• DATA BLOCK

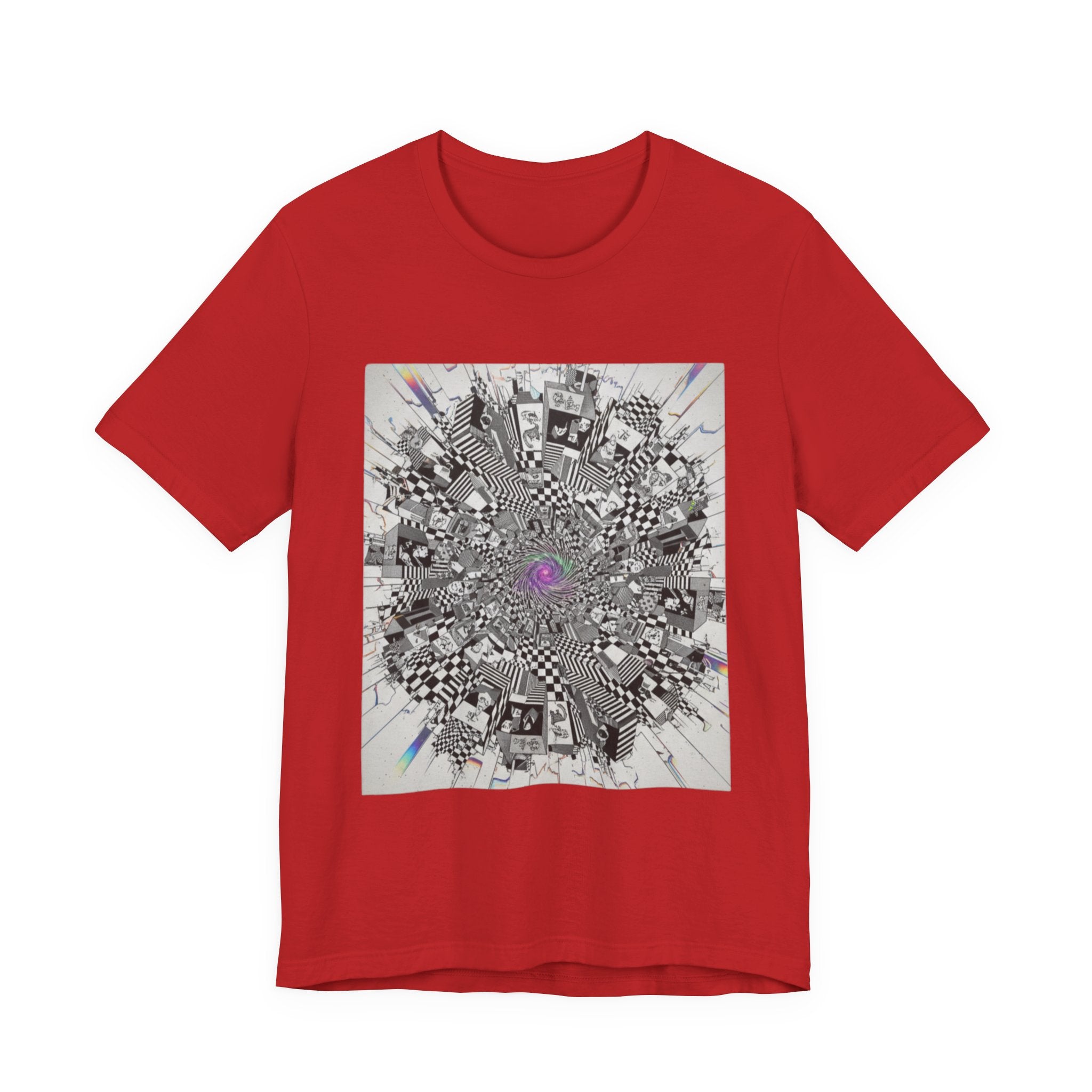 Psychedelic Cityscape Tee — Abstract Optical Art T‑Shirt with Purple Eye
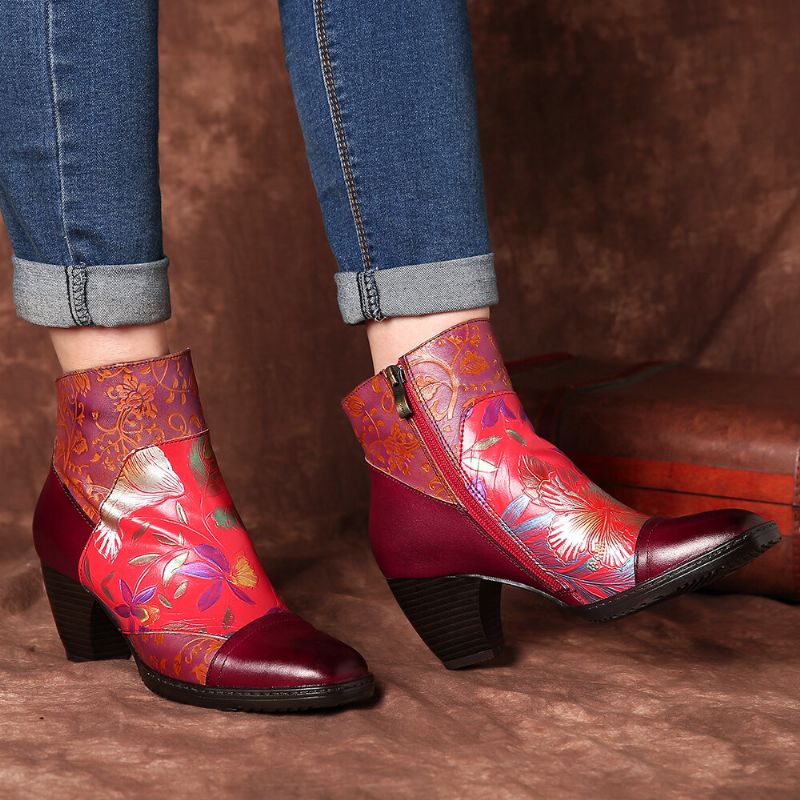 Patrón De Flores Estampadas De Colores Retro Costuras En Relieve Cómodas Botas De Tacón Alto Con Cremallera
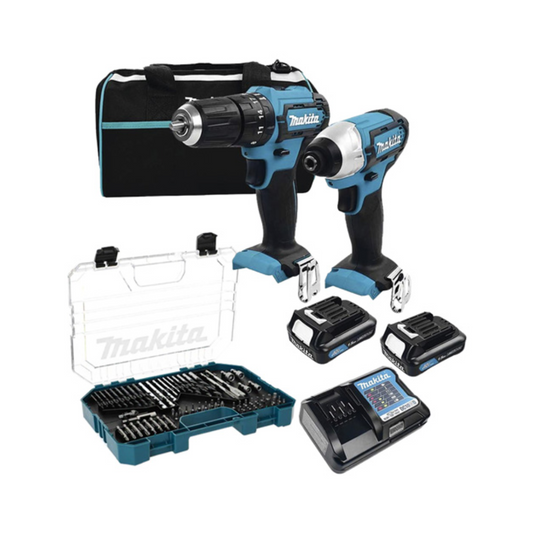 COMBO TALADRO ROTOMARTILLO DESTORNILLADOR DE IMPACTO MAKITA DLX2131SY DE 18V CON 2 BATERIAS DE 1.5AMP MAS ESTUCHE DE 75 ACCESORIOS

• TASK OBJECTIVE
What is needed is a verbatim copy of the lines running from the one with "Patrón De Flores" through the last line of the listing above, excluding any pictures.

• OUTPUT FOR THIS TASK
 Patrón De Flores Estampadas De Colores Retro Costuras En Relieve Cómodas Botas De Tacón Alto Con Cremallera
 COMBO TALADRO ROTOMARTILLO DESTORNILLADOR DE IMPACTO MAKITA DLX2131SY DE 18V CON 2 BATERIAS DE 1.5AMP MAS ESTUCHE DE 75 ACCESORIOS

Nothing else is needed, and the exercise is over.